# Gwinnett County



## glenn36 (Nov 16, 2017)

Any rut activity in North Gwinnett Co. or South Hall?  I've seen plenty of buck trail cam photos at night.


----------



## thomasa (Nov 19, 2017)

I hunt barrow county so not to far but this weekend has been dead for us. Last Sunday I saw 5 bucks and 10 or so does. Bucks were cruising good but this weekend dead.


----------



## Elephant (Nov 19, 2017)

Yesterday morning I arrowed a three year old 7 that was busted up. Had a hot doe come in around 7:10 with him bird dogging. Saw 8 total bucks. Both does seen were harassed pretty good. This is very southern part of Hall County). This coming week should bring out the big boys. Anticipating a decent morning tomorrow with pressures rising and temps hitting 33.


----------



## Elephant (Nov 24, 2017)

Hunted southern Hall County all week. Rut is in full gear.  Saw over 20 this morning with a half/half ratio.

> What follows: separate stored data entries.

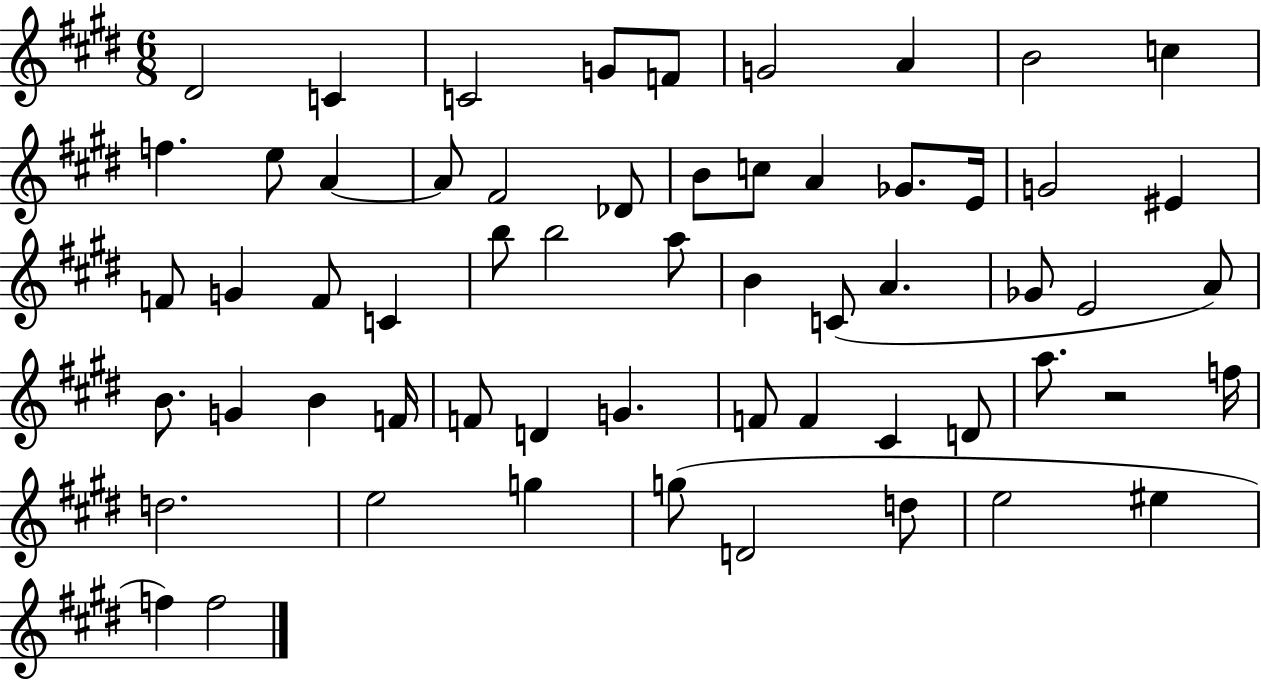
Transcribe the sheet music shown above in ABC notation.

X:1
T:Untitled
M:6/8
L:1/4
K:E
^D2 C C2 G/2 F/2 G2 A B2 c f e/2 A A/2 ^F2 _D/2 B/2 c/2 A _G/2 E/4 G2 ^E F/2 G F/2 C b/2 b2 a/2 B C/2 A _G/2 E2 A/2 B/2 G B F/4 F/2 D G F/2 F ^C D/2 a/2 z2 f/4 d2 e2 g g/2 D2 d/2 e2 ^e f f2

Seen chasing since last Saturday.  Big boys are finally on their feet for the next couple of weeks.


----------



## Gunnar75 (Dec 8, 2017)

Saw a nice 8pt running 4 does down Buford CensoredCensoredCensoredCensored rd on Saturday by the Gwinnett water facility around 11 am then he darted in front of me and into a neighbors yard.  Pretty coool...


----------